━━━ DATA RECORDS

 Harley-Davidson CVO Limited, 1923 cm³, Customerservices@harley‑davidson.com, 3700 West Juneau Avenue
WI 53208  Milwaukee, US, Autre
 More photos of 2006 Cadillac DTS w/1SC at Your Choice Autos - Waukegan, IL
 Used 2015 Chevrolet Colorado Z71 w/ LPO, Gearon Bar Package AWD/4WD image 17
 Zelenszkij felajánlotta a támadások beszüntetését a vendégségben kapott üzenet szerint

━━━━━━
━━━ DATA RECORDS

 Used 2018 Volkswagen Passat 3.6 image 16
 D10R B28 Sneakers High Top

━━━━━━
━━━ DATA RECORDS

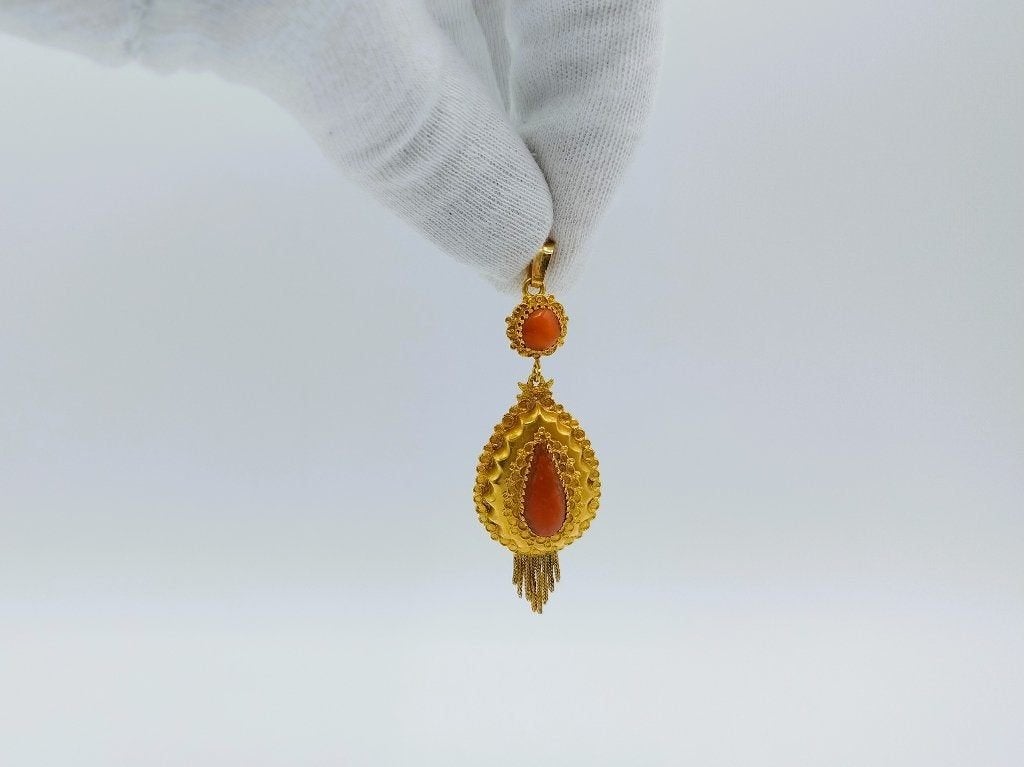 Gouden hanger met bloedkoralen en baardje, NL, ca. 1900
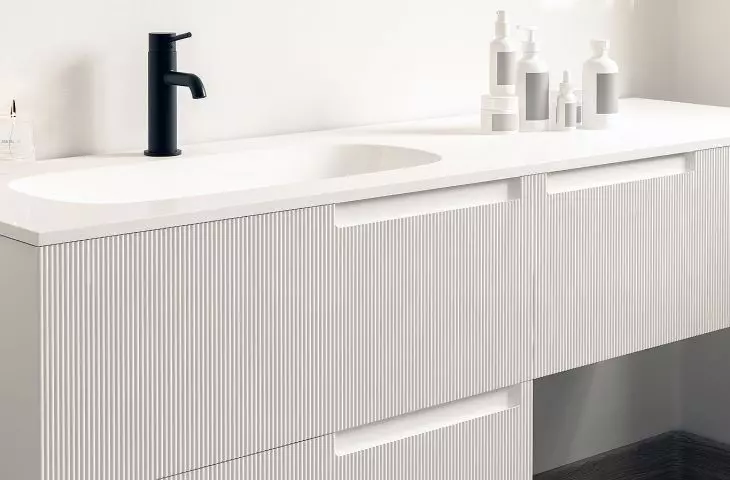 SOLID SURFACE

━━━━━━

• _TASK TO CARRY OUT_: Nothing should appear in the answer except the lines above from the line with "Harley-Davidson CVO Limited, 1923" through the line with "Zelenszkij felajánlotta a", both included, written out exactly.

• _REPLY_:
 Harley-Davidson CVO Limited, 1923 cm³, Customerservices@harley‑davidson.com, 3700 West Juneau Avenue
WI 53208  Milwaukee, US, Autre
 More photos of 2006 Cadillac DTS w/1SC at Your Choice Autos - Waukegan, IL
 Used 2015 Chevrolet Colorado Z71 w/ LPO, Gearon Bar Package AWD/4WD image 17
 Zelenszkij felajánlotta a támadások beszüntetését a vendégségben kapott üzenet szerint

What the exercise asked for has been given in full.